═════ The input ═════
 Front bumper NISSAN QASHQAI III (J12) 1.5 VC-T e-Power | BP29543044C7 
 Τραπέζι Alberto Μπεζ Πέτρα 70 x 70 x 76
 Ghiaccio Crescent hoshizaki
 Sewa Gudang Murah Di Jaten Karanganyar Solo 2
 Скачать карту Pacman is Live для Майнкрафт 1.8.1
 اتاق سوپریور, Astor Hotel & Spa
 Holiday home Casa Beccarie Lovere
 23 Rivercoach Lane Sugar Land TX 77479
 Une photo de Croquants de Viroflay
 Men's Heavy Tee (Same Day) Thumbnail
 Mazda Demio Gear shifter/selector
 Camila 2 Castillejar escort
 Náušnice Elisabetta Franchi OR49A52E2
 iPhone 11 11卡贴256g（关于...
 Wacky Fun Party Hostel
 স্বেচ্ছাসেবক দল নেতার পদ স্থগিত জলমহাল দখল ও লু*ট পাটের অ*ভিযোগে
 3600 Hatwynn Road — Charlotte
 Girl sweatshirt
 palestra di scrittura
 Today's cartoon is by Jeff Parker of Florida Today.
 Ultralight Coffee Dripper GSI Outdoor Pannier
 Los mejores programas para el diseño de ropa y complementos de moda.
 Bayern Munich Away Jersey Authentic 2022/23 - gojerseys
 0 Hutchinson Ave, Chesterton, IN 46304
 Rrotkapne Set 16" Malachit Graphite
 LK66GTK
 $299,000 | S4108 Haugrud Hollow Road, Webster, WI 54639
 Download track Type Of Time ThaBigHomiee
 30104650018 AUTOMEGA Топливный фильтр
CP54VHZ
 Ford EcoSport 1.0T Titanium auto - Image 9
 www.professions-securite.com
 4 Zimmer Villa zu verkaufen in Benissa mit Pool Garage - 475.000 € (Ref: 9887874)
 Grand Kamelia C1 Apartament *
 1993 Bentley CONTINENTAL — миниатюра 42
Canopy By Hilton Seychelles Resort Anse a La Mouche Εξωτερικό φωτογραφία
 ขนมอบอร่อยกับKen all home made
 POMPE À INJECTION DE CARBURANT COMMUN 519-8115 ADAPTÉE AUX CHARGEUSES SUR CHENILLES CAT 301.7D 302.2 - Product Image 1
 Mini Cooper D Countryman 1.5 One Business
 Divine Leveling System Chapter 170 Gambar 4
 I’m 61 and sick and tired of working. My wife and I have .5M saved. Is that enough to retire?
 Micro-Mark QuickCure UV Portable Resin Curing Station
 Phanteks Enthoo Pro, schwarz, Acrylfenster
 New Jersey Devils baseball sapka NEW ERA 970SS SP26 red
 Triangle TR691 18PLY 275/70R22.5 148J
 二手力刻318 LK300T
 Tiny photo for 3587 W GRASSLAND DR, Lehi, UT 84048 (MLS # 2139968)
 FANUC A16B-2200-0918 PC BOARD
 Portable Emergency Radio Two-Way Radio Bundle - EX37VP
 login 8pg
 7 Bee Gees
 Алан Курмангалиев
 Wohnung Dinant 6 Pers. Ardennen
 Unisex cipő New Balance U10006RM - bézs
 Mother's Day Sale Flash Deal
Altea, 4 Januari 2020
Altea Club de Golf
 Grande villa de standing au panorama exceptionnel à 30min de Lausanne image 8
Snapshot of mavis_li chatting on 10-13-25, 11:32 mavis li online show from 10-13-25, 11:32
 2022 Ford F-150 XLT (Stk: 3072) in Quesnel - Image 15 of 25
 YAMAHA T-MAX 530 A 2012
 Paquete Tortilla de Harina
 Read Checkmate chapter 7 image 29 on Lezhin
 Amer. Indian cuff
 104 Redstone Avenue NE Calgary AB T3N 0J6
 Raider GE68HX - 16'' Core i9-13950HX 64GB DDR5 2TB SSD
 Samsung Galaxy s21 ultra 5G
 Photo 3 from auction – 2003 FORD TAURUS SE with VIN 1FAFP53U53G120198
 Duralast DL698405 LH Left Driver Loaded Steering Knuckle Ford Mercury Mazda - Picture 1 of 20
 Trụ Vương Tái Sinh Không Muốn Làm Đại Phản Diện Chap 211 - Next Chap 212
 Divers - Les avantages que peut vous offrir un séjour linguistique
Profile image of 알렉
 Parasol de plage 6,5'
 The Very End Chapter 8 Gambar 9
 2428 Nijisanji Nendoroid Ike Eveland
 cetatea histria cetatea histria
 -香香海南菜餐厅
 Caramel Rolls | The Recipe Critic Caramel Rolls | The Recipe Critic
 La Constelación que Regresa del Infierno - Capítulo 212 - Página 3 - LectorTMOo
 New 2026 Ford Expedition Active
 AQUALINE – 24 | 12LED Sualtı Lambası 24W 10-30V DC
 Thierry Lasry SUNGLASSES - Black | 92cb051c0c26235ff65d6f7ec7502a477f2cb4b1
═════
* Problem description:
Within the data above, filter for lines containing the word "Portable" and copy each one.

* Exercise solution:
 Micro-Mark QuickCure UV Portable Resin Curing Station
 Portable Emergency Radio Two-Way Radio Bundle - EX37VP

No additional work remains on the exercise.